I have to second the Antec 120mm Tri-Cool fans.  The built in 3-speed controller is really nice, and they are silent on ever setting except High, and even then I can't hear them once the side panel of my case is on.


----------



## Chewy (Dec 7, 2007)

Tri-Cools are nice, noctuna 1200rpm/47cfm are a little quieter and push out like the same amount of air.. if you dont mind some noise the Silverstone 121's have 110cfm @ 40dbs.


----------



## vega22 (Dec 19, 2007)

i had those 121's and the 3 i had all had a whine that pissed me off, not loud just annoying you know i have swapped them for scythe sflex 1600rpm ones and i cant hear them over my freezer pro, and i have 6 of them in my case.

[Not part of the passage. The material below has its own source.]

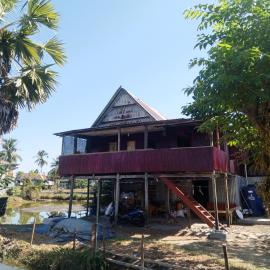 Jufri Homestay, hotell i Kasijala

they have since released 35mm (depth) versions that shift more air and imo in a airflow/noise scale these would be ner the top of any list.


----------



## Wile E (Dec 19, 2007)

pbmaster said:


> Here ya go man. 133 CFM with 45 Db...sold out right now though.
> 
> http://www.newegg.com/Product/Product.aspx?Item=N82E16835185054



I think you just found me my new rad fans. Those + a controller, ftw!


----------



## erocker (Dec 19, 2007)

I've got all six of my 120mm Antec Tri-cool fans blastin on high.


----------



## craigwhiteside (Dec 19, 2007)

hehe, check this fan out 

http://cgi.ebay.co.uk/NEW-SPAL-15-1...1174115QQihZ003QQcategoryZ43120QQcmdZViewItem







2360CFM


----------



## francis511 (Dec 19, 2007)

I got some 120 mm fans a few weeks ago and they really make your case much cooler. When I open my DVD drive now, a little gust of cold air comes out !!


----------



## RottnJP (Dec 22, 2007)

I frickin' love the SFLEX 1200 RPM fans I just got- on sale for $15 from newegg right now, no shipping!!  They flow like the antec tri-cools on medium, but sound like the low setting- very nice.  Unfortunately the higher speed SFLEX's (1600 RPM) are still $25.  If you're o.k. with the noise level of the antec tri-cools on high, the aero-cool turbines are rated at 90 CFM @ 32 DB...


----------



## Basard (Dec 22, 2007)

francis511 said:


> I got some 120 mm fans a few weeks ago and they really make your case much cooler. When I open my DVD drive now, a little gust of cold air comes out !!



That's cool dude, heh.  It sounds like you have too much pressure though, maybe point one of your fans out, instead of in.  That will keep pressure to normal, and might actually give you more airflow, and less noise? try it out and see.

On another note, I've got some of these old 120mm fans from dell servers that probably push something like 150cfm.  I plug them in and Everest can't even count the rpms, they go so high....  They sound like jet engines almost...


----------



## SK-1 (Dec 22, 2007)

SMART CASE FAN II  http://www.newegg.com/Product/Product.aspx?Item=N82E16811999145


----------